I would like to thank Sligo CO.CO. For funding this project and making us a part of their 2016 Commemorative programme and The Model for their generous loan of equipment.
I thank Sinead McCoole (author of Easter Widows the book that inspired 7 of the drawings) and Grainne Blair for their guidance and encouragement and my good friends Liz Longworth and Aideen Connolly for their input and their precious time.
I’d like to end by saying how thankful I am to have had the opportunity to work in collaboration with The Hyde Bridge Gallery and with Joe. Nothing was ever a problem for Sarah, Paul and John, they really have been fantastic. I’m quite in awe of Joe’s technical talents and his pure confidence in the success of the project has made me feel confident.
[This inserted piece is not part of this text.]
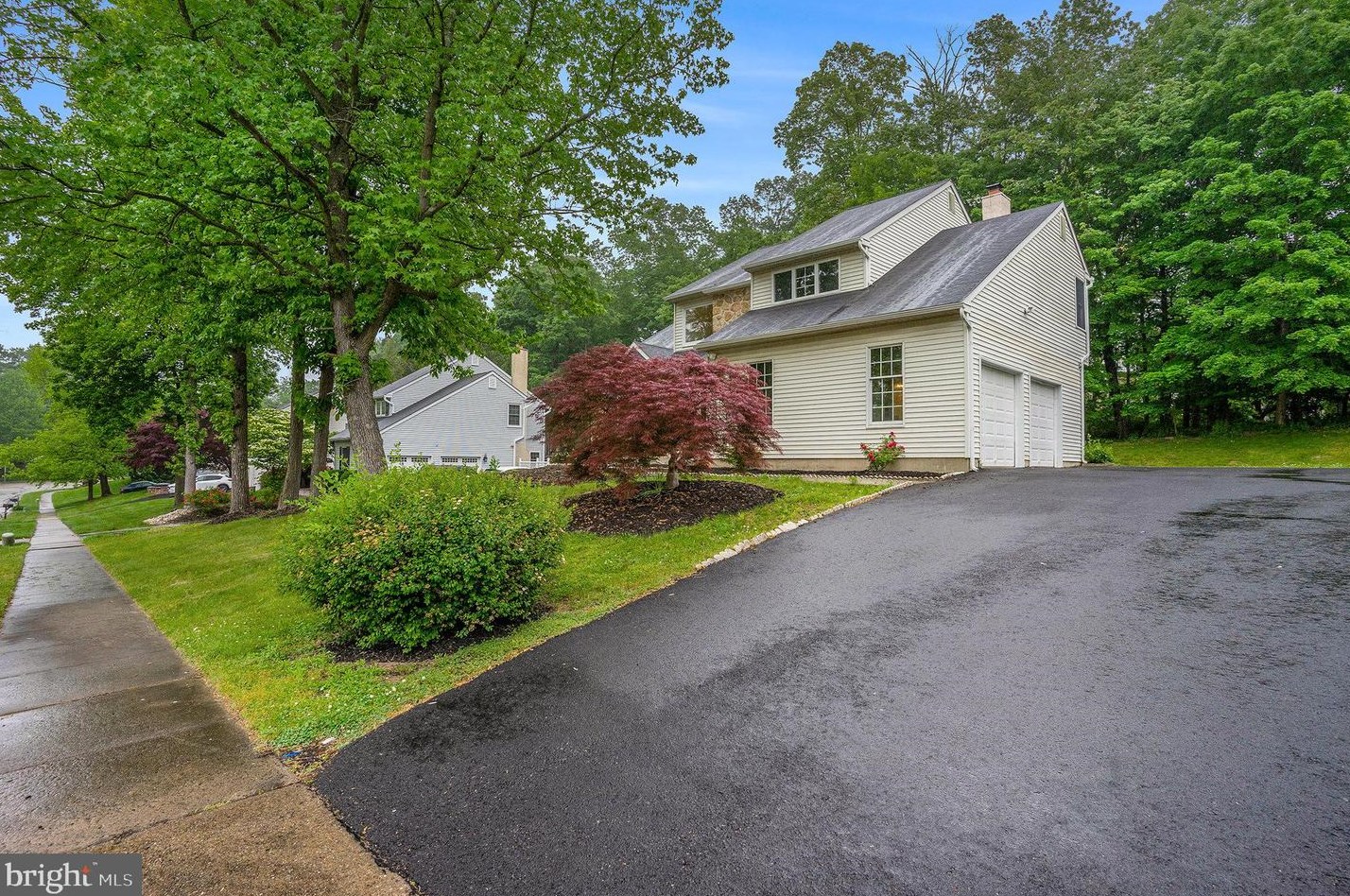 110 Shady Hill Dr, Chalfont, PA 18914-2028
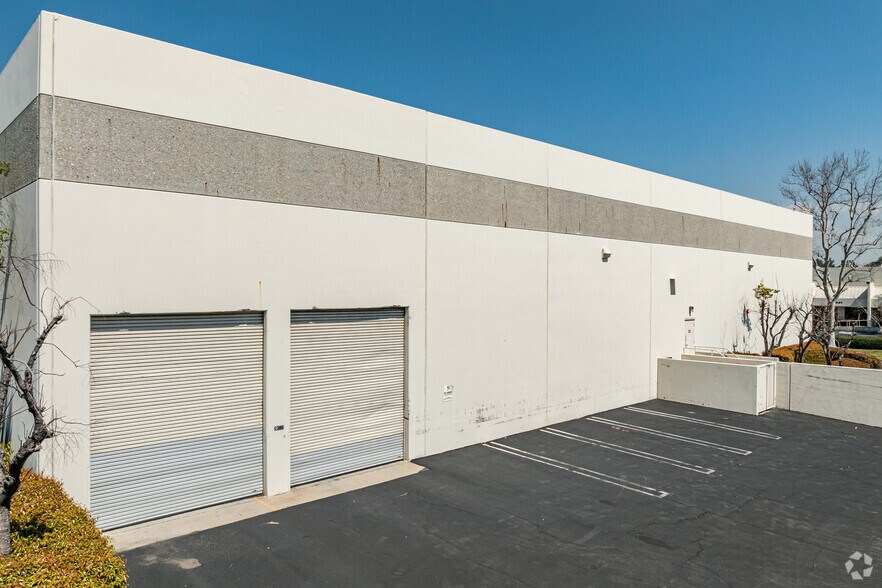 More Photos Of 11383 Newport Dr, Rancho Cucamonga Warehouse For Lease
I’m truly grateful for that. He can’t be here tonight as he is working his magic at The Factory on Blue Raincoat Theatre Company’s production of Shackleton…..another must see.
I hope you Enjoy the rest of the night and as you pass the Garavogue river this Easter time don’t forget to glance up at the wall and cast a thought for those people from 100 years ago, their stories, their ideals and their legacy.”